Figure 1. Morphologic changes of hematopoietic-rich stem cells during differentiation.
(A) Undifferentiated hematopoietic-rich stem cells, 1 day after isolation (magnification ×200).
(B) Hematopoietic-rich stem cells formed isletlike clusters by dimethyl sulfoxide treatment for 3 days; this was followed by treatment with high-glucose and pancreatic extract for 7 days (magnification ×40).
(C) Collected isletlike clusters after treatment with nicotinamide and exendin-4 for 7 days (magnification ×100).
D) Ditizone staining of isletlike clusters. The clusters distinctly stained crimson red by DTZ (magnification ×400).

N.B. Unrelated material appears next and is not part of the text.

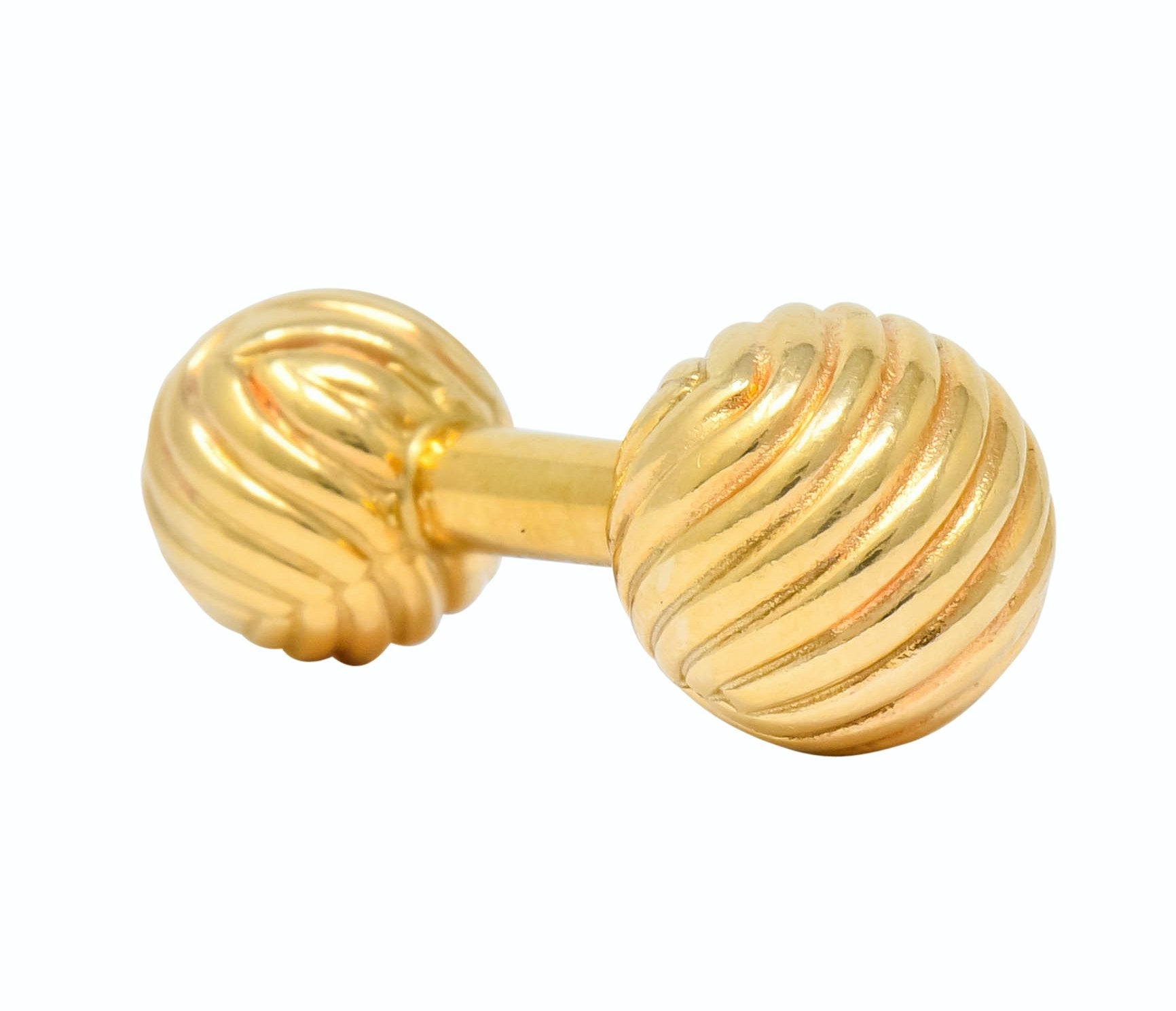 Tiffany & Co. 1960's Vintage 14 Karat Gold Ridged Ball Men's Cufflinks - Wilson's Estate Jewelry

Also, differentiated cells were characterized through the analysis of biochemical components using ELISA (Enzyme Linked Immunosorbent Assay). Intracellular C-peptide is a byproduct of the insulin process, showing that cells are producing insulin. An ELISA kit was used to see if cells were secreting Rat C-peptide. This confirmed that undifferentiated cells were not producing insulin and differentiated cells were producing insulin. Furthermore, cells were characterized by gene expression using reverse transcription polymerase chain reaction (RT-PCR). RT-PCR is when RNA is “reverse” transcribed into DNA. Then, the DNA is replicated and amplified by PCR heating and cooling cycles. This was done to check that islet related genes were expressed in differentiated cells, proving that the function of the differentiated cells was similar to the Islet of Langerhans cells. An additional test to check for differentiation was done by staining the cells with DTZ (diphenylthiocarbazone). The cells that show up red will be cells containing zinc, which plays an important role in storage, secretion, synthesis of insulin. This confirms which cells have differentiated correctly.

Shortfalls:

While this paper is very promising, there are a few general problems that were not address. The cells tested were rat adult bone marrow stem cells, making this an impractical treatment alternative. Xenogeneic treatments involve risks of pathogen transfer and immune compatibility complications. This paper was good for a proof of concept, but further research would have to be done specifically for human stem cells and for clinical trials. Also, this treatment is not fully effective for Diabetes Type one patients. The implanted cells would be autologous because they were derived from the adult subject. However in the case of diabetes type one, an autologous source of stem cells still has immune compatibility issues. The body attacks both autologous and allogeneic sources because the disease is autoimmune. Autologous beta-like cells would still be recognized as foreign material by the body. The gonads were used as an encasing, but an impractical one used to keep the cell clusters together for easy removal. Human patients would likely be unwilling to have their gonads injected and sutured into the abdomen. Other protective encapsulation methods would need to be explored to immunoisolate injected cells. Also, future research must still explore problems such as the ability to successfully culture large numbers of islet-like cells in vitro, to provide stable and consistent culture conditions, and to optimize an area for injection and transplantation of differentiated cells.

2 comments:

Brian Dang said...

That is strange that they would ignore the autoimmune complications. Maybe they were able to induce the cells without having antigen regions. If they did find a way around that, it seems that beta cells can be implanted into the liver and would function similarly (if you want I can link a paper). What I am not sure about is the level of insulin expression. Since the pancreas receives signals from the nervous system as well as the hormone system to regulate insulin secretion, does the paper address the possibility that insulin is not being secreted at appropriate levels if they do not reside in the pancreas? Are the transplanted beta cells constitutively producing insulin, and does it respond to decreased blood sugar levels?

Scott Grubb said...

Was any characterization of the cells conducted pre-implantation in order to analyze their level of "Langerhans-ness"? It seems like the differentiation procedure before gonad injection is critical to obtaining cells that are properly organized and that accurately mimic pancreatic function.